Charles Burney wrote about Franz Benda, the concertmaster of Frederick the Great, that he had earned great fame not just through his "expressive manner" of playing the violin but also through his "very beautiful and charming compositions for this instrument." The different ways Benda envisioned the solo voice in his sonatas can be seen in the two alternative versions of the violin part in a manuscript by his master student Friedrich Wilhelm Rust, which has been preserved for posterity. During performances, repeating a section of a movement as part of a recycling process creates a new compositional shape (Ludus Instrumentalis on November 14).
In polyphonic music, one expects that the construction of harmonies can only be understood and preserved if it is precisely noted. In reality, however, polyphony developed in the Middle Ages from an improvisational practice. There were also rules for this. But successful music-making could only happen if the singers had the ability to continue using and transforming the given chant melody in an ad hoc realization. A musical event that, for example, pilgrims could experience in the Cathedral of Santiago de Compostela (Per-Sonat on November 16).
Finally, everything comes together in Wolfgang Amadeus Mozart: "Reuse" in an ideological sense, as his "Idomeneo" still stands in the tradition of Gluck's reform operas; "Reduce," as the composer did not shy away from cutting the work during the rehearsal phase without hesitation (in Herne, the Munich premiere version from 1781 will be performed); "Recycling," as Mozart concentrated the sequences of recitatives and arias from Italian opera and of choir and ballet scenes from French opera on the essentials and thus created his original operatic style (Helsinki Baroque Orchestra on November 17).
In the program of the TAGEN ALTER MUSIK IN HERNE, it is not only about such dramaturgical peculiarities but also and above all about exciting concert experiences with ensembles coming from all over Europe, almost all making their debut at our festival.

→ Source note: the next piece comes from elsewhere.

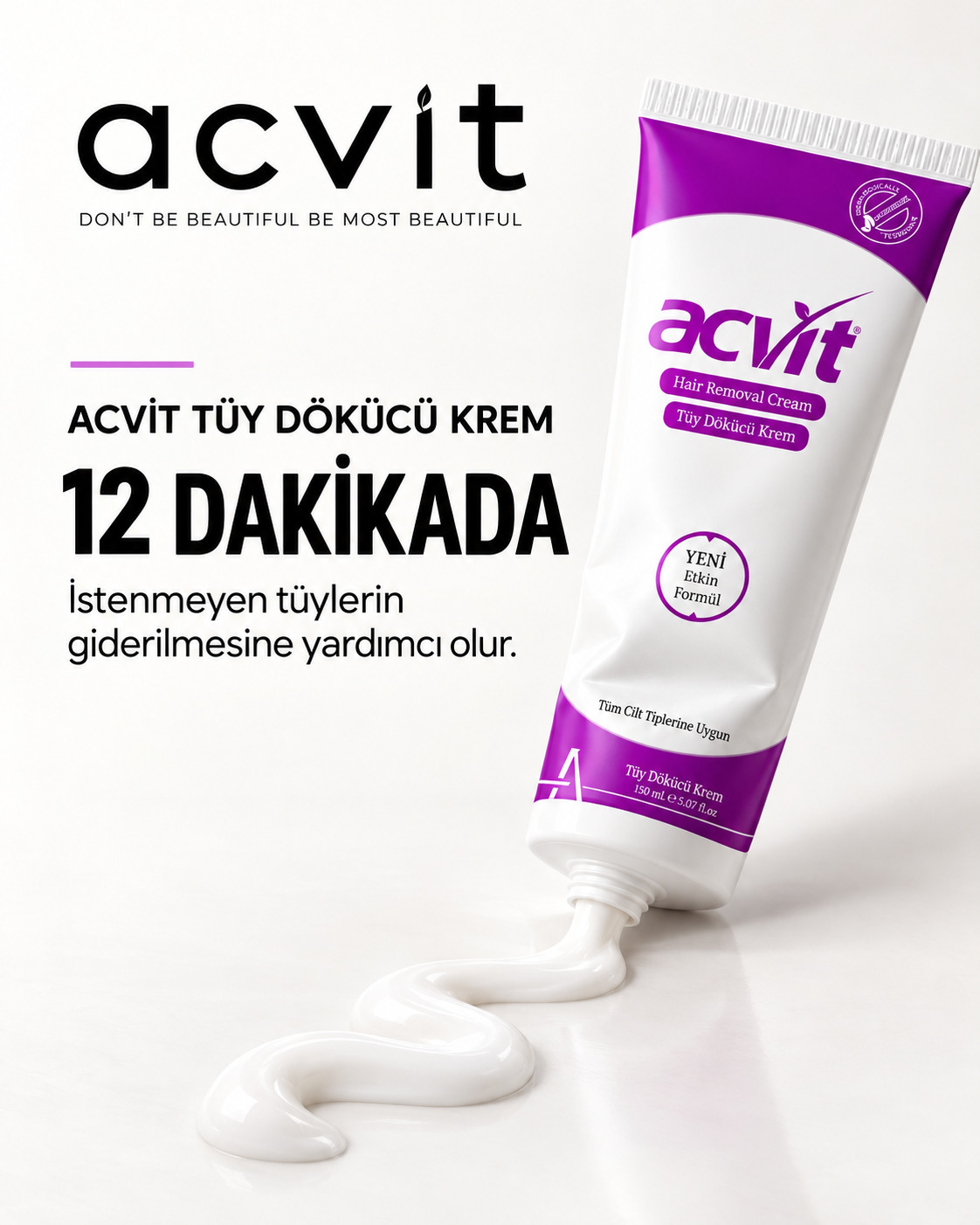 Tüy Dökücü Krem - Unisex /150 ML. - Görsel 2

In the cultural radio WDR 3, they will find an overregional audience in the live broadcasts and concert programs, which continue into January, and later in the takeovers by the European Broadcasting Union, an international audience.
Additionally, current journalistic programs such as WDR 3 Tonart and Tafel-Confect from BR-KLASSIK are on-site and invite the audience to their live broadcasts on Friday afternoon and Sunday noon.
A ticket grants access to all concerts of the Tage Alter Musik in Herne 2024.